• **Task goal**
Leaving out the pictures, please reproduce exactly and only the lines from the one that contains "2017 Ford Transit" through the last line below.

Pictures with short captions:
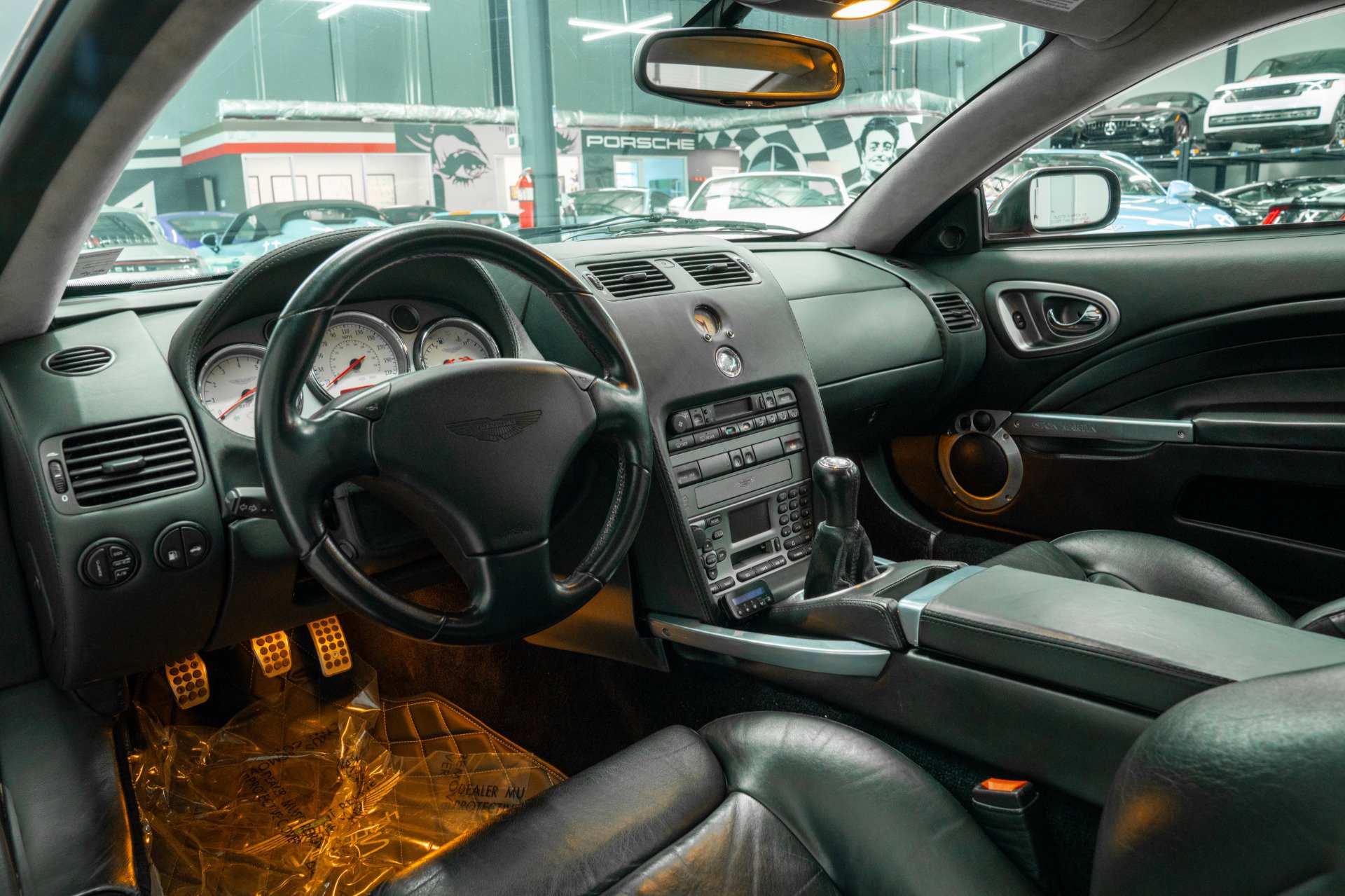 Used 2005 Aston Martin Vanquish S RWD image 12
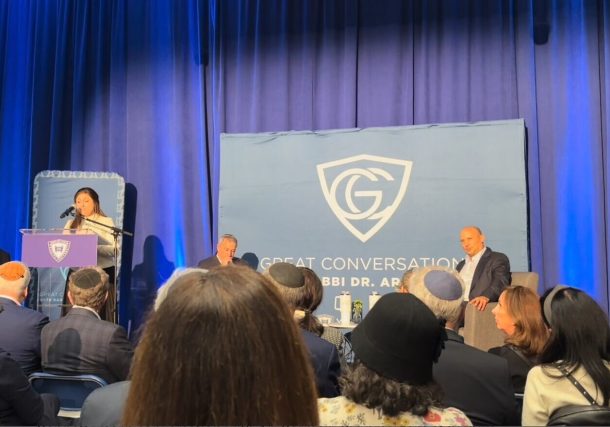 Radio Jai-"Me postulo para primer ministro", dice Bennett en un evento de Yeshiva en Nueva York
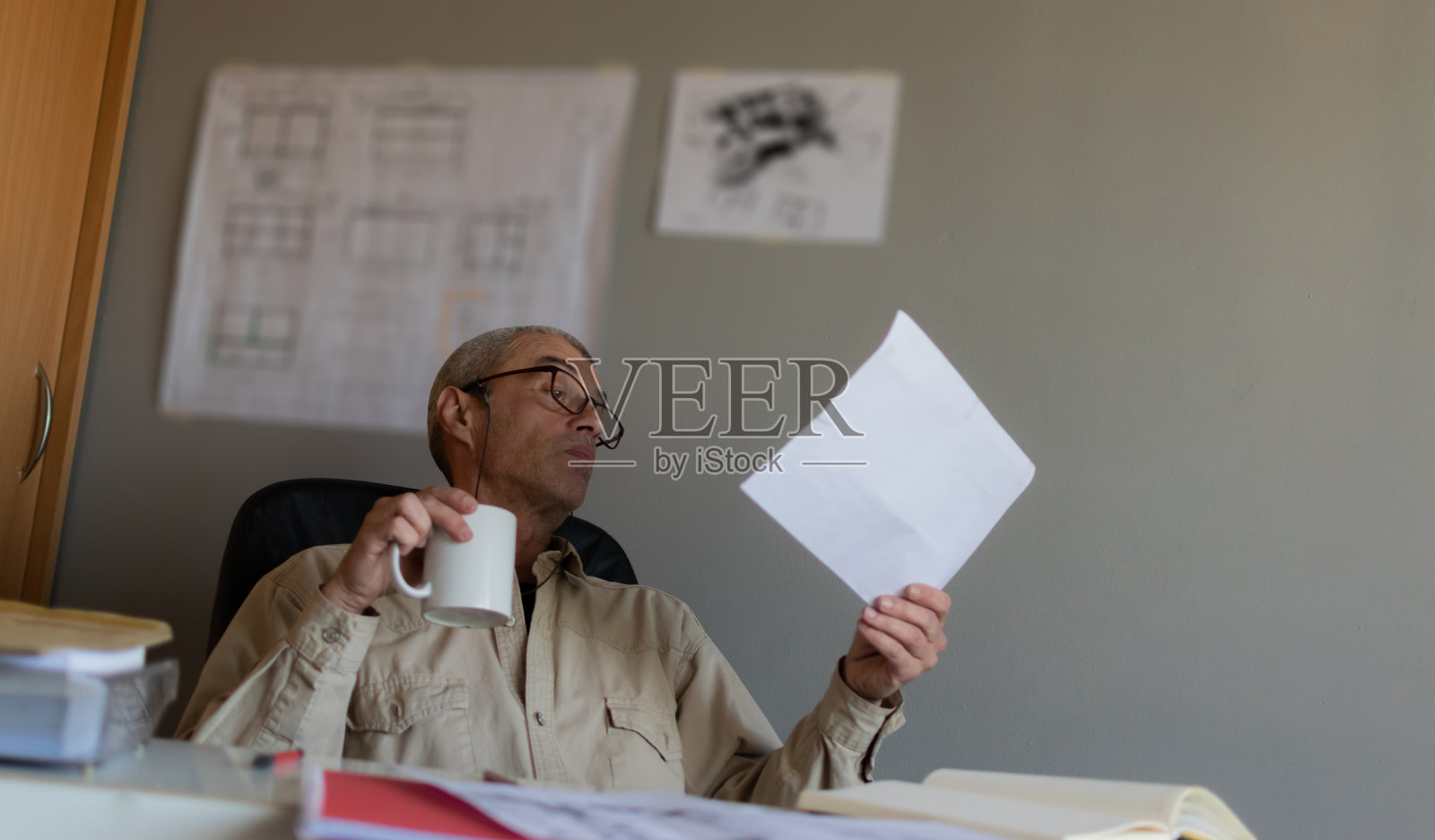 工程师在他的办公室里工作，试图找到一个解决未来工作的办法。照片摄影图片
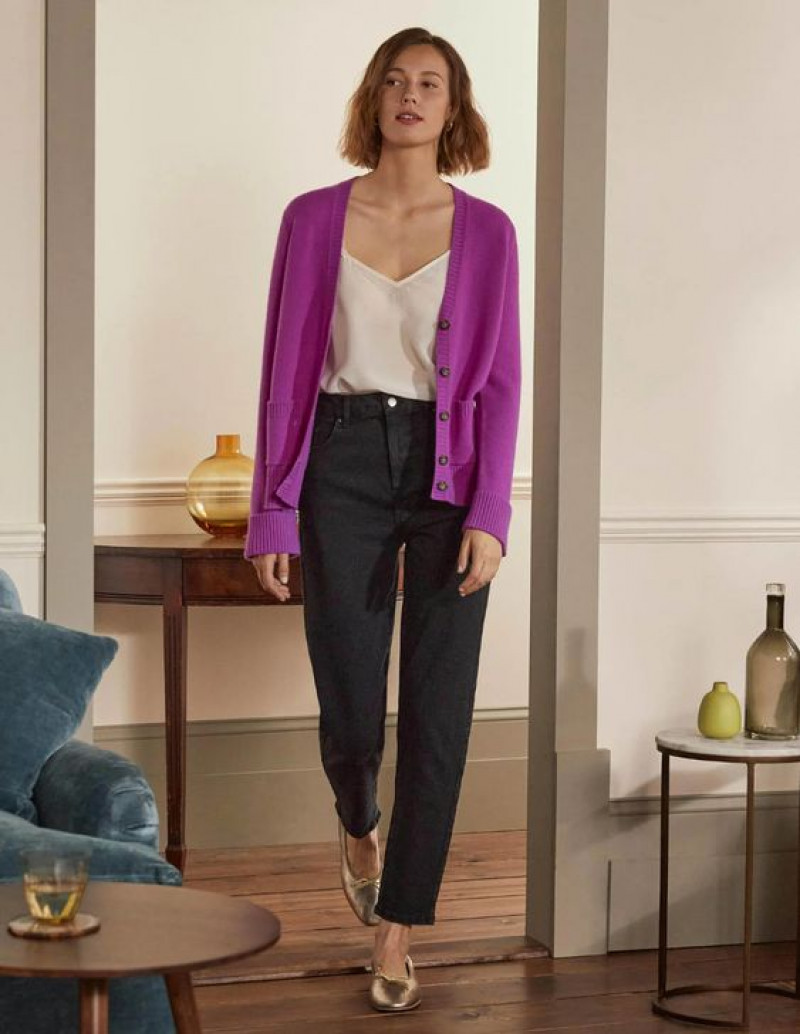 Purple And Violet Long Sleeves Cardigan, Black Denim Casual Trouser, Jeans Outfit Ideas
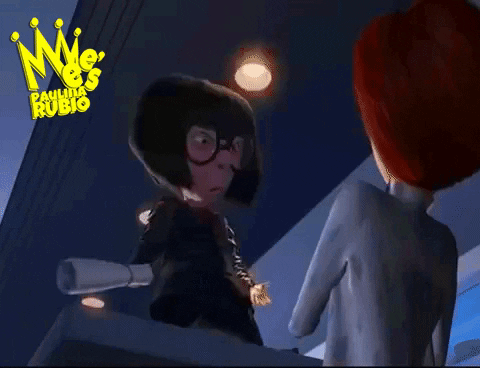 PaulinaRubio giphygifmaker periodico hocico edna moda GIF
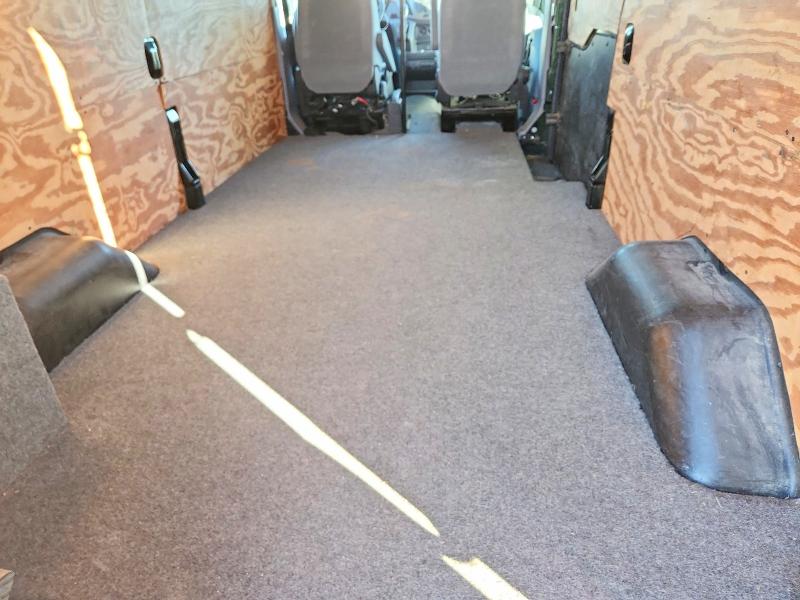 2017 Ford Transit მანქანა იყიდება აუქციონზე, vin: 1FTBW2CGXHKA15388, აუქციონის ნომერი: 49003476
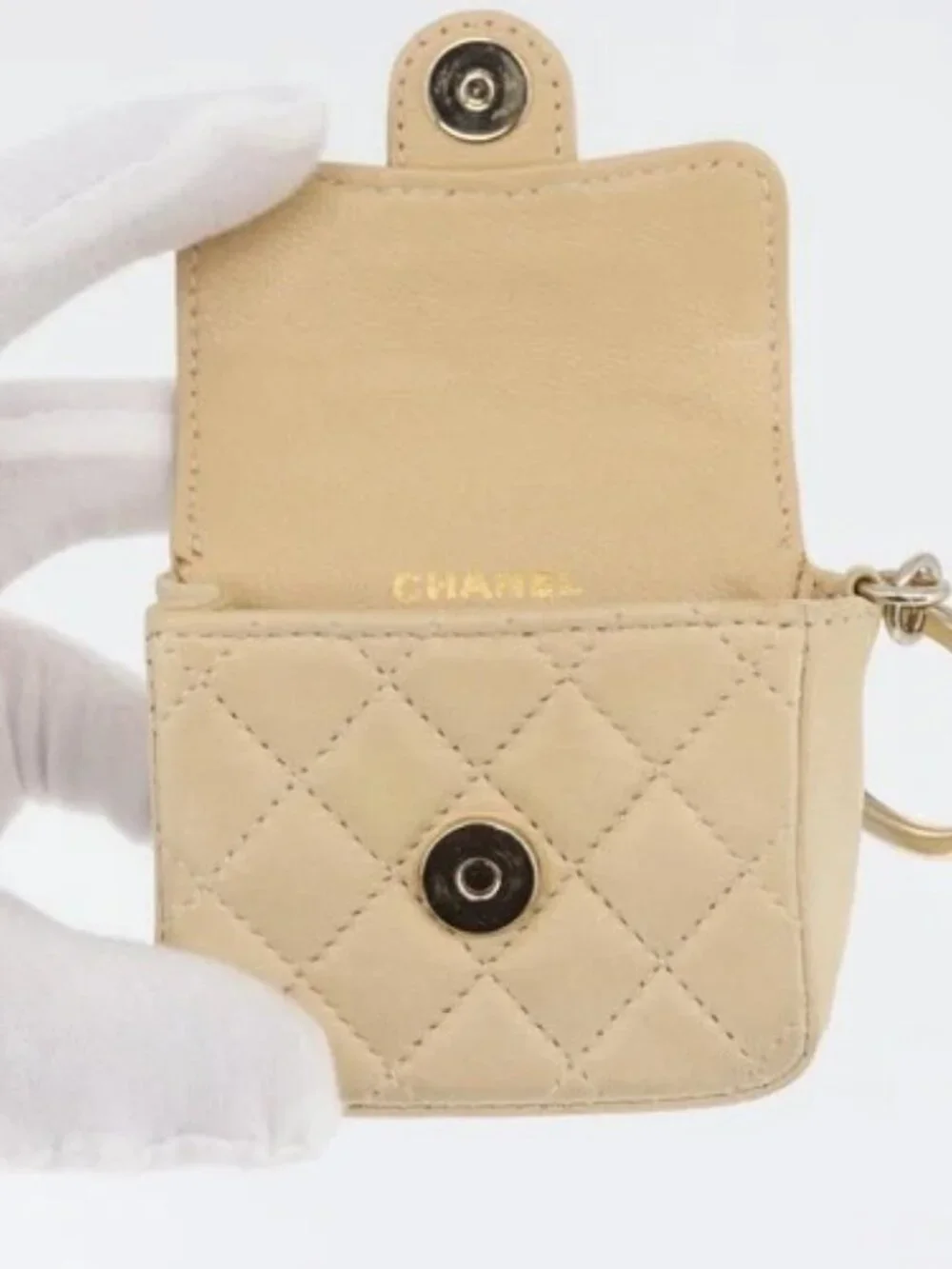 CHANEL Matelasse Pouch Lamb Skin Beige Gold CC Auth BA10922
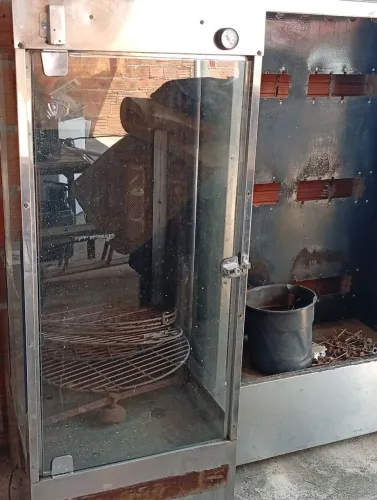 Máquina para assar frango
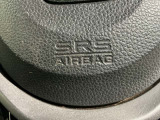 法定点検の整備に加え、ホンダのプロがプラスアルファー点検を実施し、基準を満たしていない部品を交換いたします。 整備費用は車両本体価格に含まれている為、別途費用がかかることはありませんのでご安心下さい。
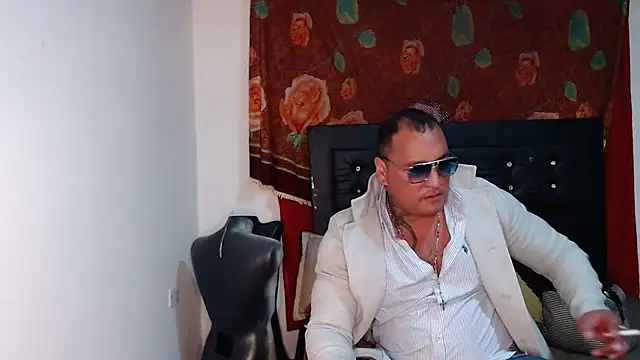 hardrock982 online show from December 18, 2:22 pm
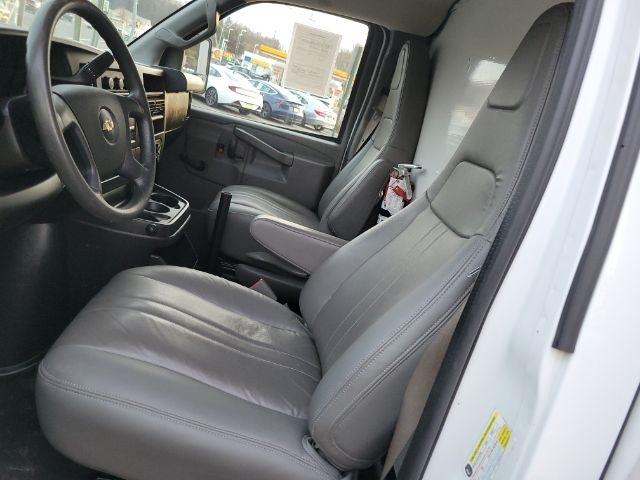 Chevrolet Express Commercial Cutaway 3500 Van 139" 2018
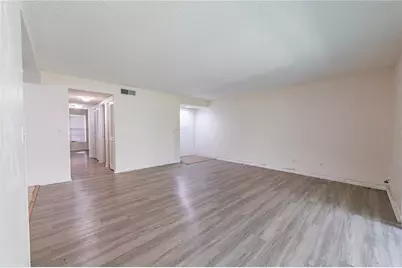 7873 Niagara Avenue #1803, Tampa, FL 33617 - Photo 8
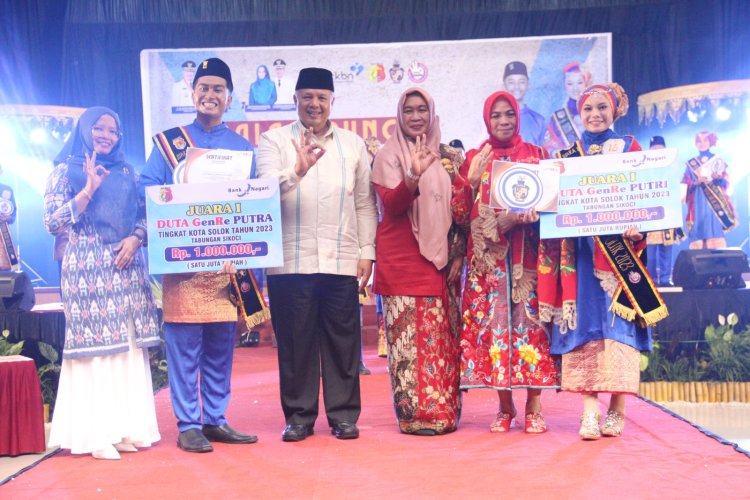 Imam Wahyudi dan Michelin Aszani Terpilih Menjadi Duta GenRe  Kota Solok, Kedua DPRD: Diharap Bisa Sosialisasikan Generasi Berencana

• **Final answer**
 2017 Ford Transit მანქანა იყიდება აუქციონზე, vin: 1FTBW2CGXHKA15388, აუქციონის ნომერი: 49003476
 CHANEL Matelasse Pouch Lamb Skin Beige Gold CC Auth BA10922
 Máquina para assar frango
 法定点検の整備に加え、ホンダのプロがプラスアルファー点検を実施し、基準を満たしていない部品を交換いたします。 整備費用は車両本体価格に含まれている為、別途費用がかかることはありませんのでご安心下さい。
 hardrock982 online show from December 18, 2:22 pm
 Chevrolet Express Commercial Cutaway 3500 Van 139" 2018
 7873 Niagara Avenue #1803, Tampa, FL 33617 - Photo 8
 Imam Wahyudi dan Michelin Aszani Terpilih Menjadi Duta GenRe  Kota Solok, Kedua DPRD: Diharap Bisa Sosialisasikan Generasi Berencana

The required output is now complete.